Night time. The time I usually get all nostalgic.
Tonight, I decided to pull out the World History book that I bought from a second-hand bookshop at Bras Basah and do some reading. I was reading about the fall of Greece and got so confused about Macedonia and Sparta and all the Peloponnesian wars that I needed to hunt for a map.
Which led me to riff through my drawers and boxes in which I’ve stored all my secondary and JC textbooks.
As usual, I got distracted and ended up doing some H2 Math sums. After getting sick of it after an hour, I decided to read Wendy Clark. For those who don’t know who she is, she’s all O’Level History students’ saviour (as is Marian Chong O’Level Geography students’ saviour). We swallowed up that book (practically every sentence was important – I remember my dad telling me I might as well highlight the sentences that weren’t important instead, so the pages won’t be filled with highlighted chunks) and vomitted everything out for the Cambridge examiners.
And reading Wendy Clark made me think of Mrs Haridas, our History teacher. She was always so maternal. Wonder how she is now.
And thinking of Haridas made me think of Mrs Singh, the best Chemistry teacher I ever had. Her explanations are so lucid and she’s the no-nonsense kind of woman. R-E-S-P-E-C-T.
I unearthed my secondary 1 science notebook, and read through the atoms and molecules notes. I kind of miss studying Chemistry. Too bad I suck at practical. It always pulls my A down to a B. Chemistry class was always so productive.
And then, later, I was just sitting there reading the notes I had scribbled all over my secondary 2 Geography textbook, when Don’t Tell Me by Avril Lavigne comes on the radio. It seemed like not so long ago that I was in the same circumstance, reading my Geog notes while Avril wails on in the background. Wonder how Khrish, Yvonne and Stacy are doing now. Haven’t met them or caught up with them in ages.
I guess the reason why I enjoyed mugging for O’Levels (yes, I realise how geeky that made me sound, but wtv, geeky is the new chic) is because I had great influence, in the form of my friends, around me, especially Gerlynn. My friends made going to school and attending lessons fun. Thanks, Ger, for staying with me after school in the library everyday to mug. I remember we’d force ourselves to sit at different tables just so we wouldn’t get distracted and talk. People would think we had a fight, which was sort of funny.

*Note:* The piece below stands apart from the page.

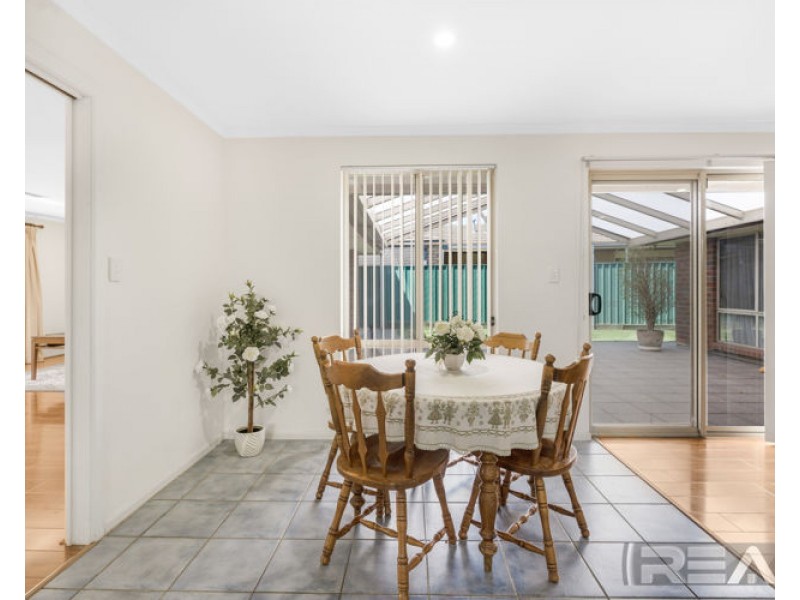 25 Rochester Drive, Salisbury Heights SA 5109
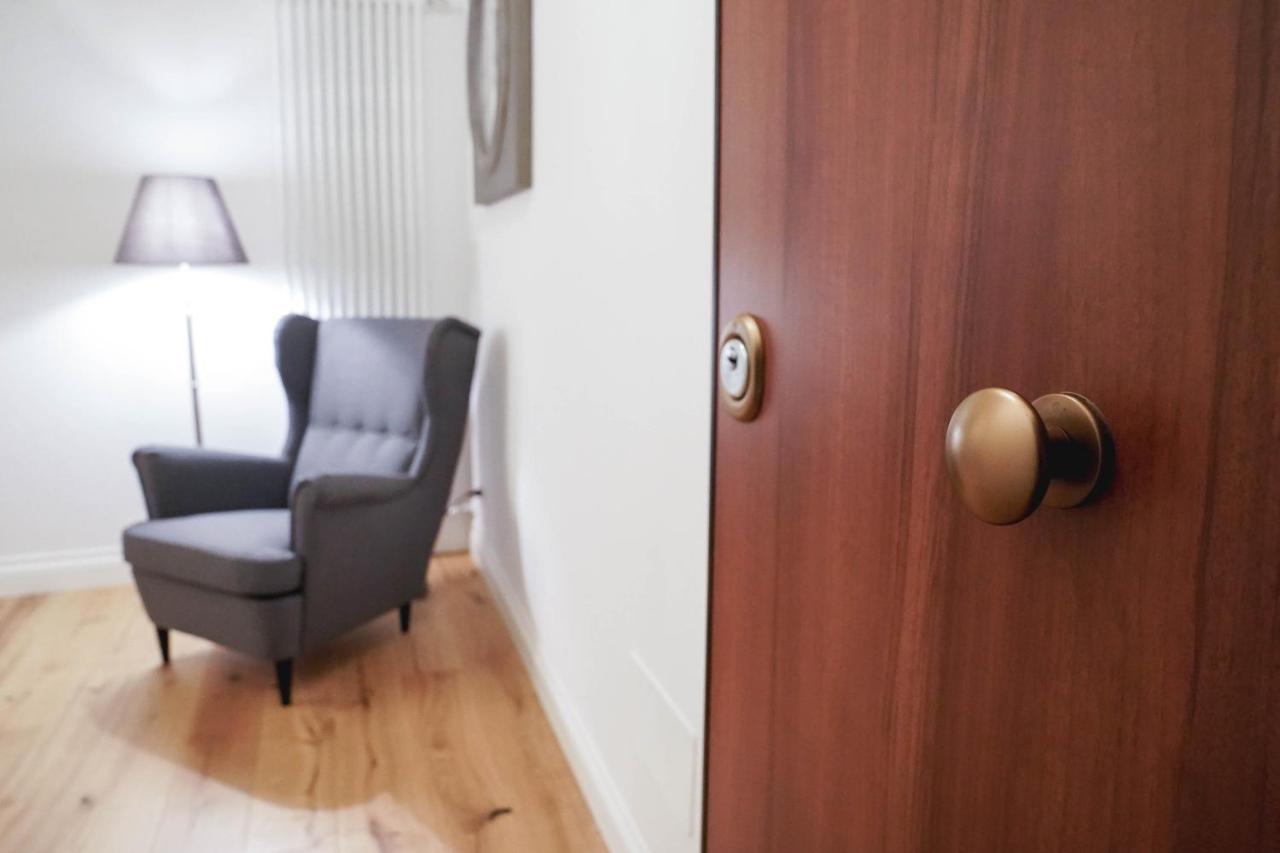 Art Apartment Black & White Suite Firenze Bagian luar foto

A’Levels wasn’t as fun to study for, because, well, circumstances were different. And it was a hell lot tougher, especially Geography. I was besotted with the subject in secondary school (I think everyone in 4E2 were) – I loved my subject combination – but H2 Geog is so much more demanding, and I ended up finding it a drag sometimes.
I just miss school and studying so much, all of a sudden. Maybe it’s this looooong break that made me yearn to employ my brain once again. I don’t ever want to go out into the working world; I want to stay cocooned in school forever, where your worth and performance are only determined by the grades you get. It’s simple and clear-cut. Not much depends on chance or luck, like in the real world.

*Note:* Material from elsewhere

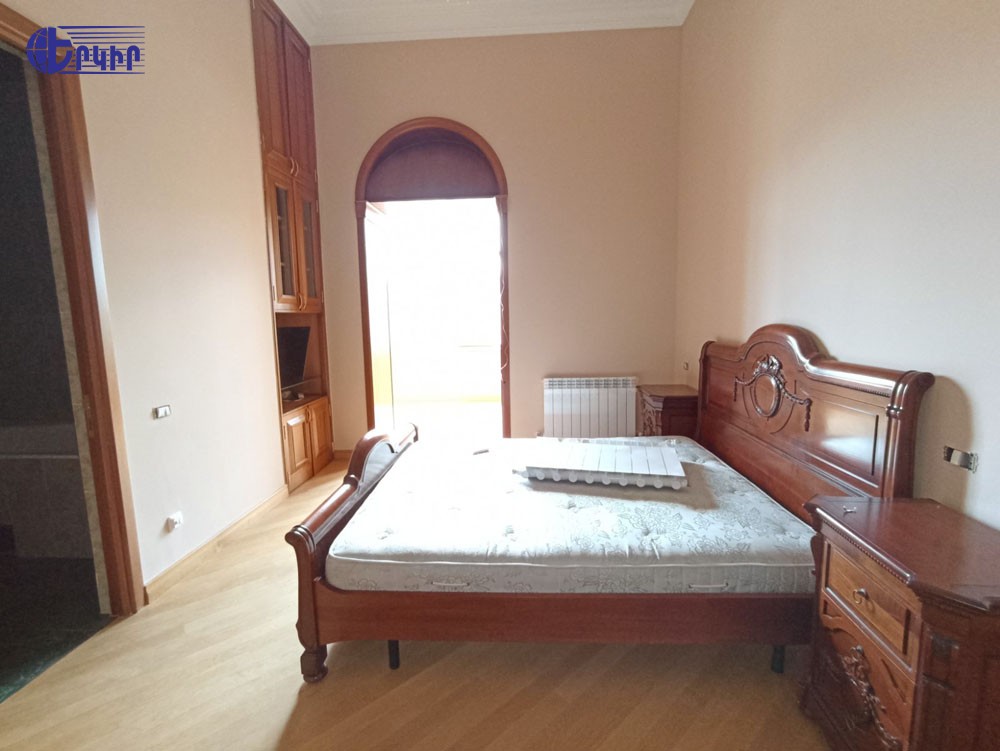 Apartments Code: 10+202742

Dammit, I miss school. I miss studying for O’s. That was, in fact, the best time of my life. I know it sounds sad, but it was. Studying for A’s wasn’t as rewarding, because you don’t get your A’s as easily even though you put in the same amount of effort. In my case, I didn’t put in the same amount of effort, because I guess I lost the drive after O’s. Which made it more difficult to get the A’s.
In short, can’t wait for school to start.
By the way, I unearthed ONE diary that I had left out. I’d decided to throw away ALL the diaries I had written in the course of my secondary school years (at least 10) one day, and this is the only one left. It was the sixteenth one (I label my diaries in chronological order) and was written from after secondary 4 Prelim exams to the beginning of J1 in the best junior college in the world (come on, I love SA).
I really regret throwing away my diaries. How could I? Those were my formative years. Sigh.
I told you I get awfully nostalgic at night.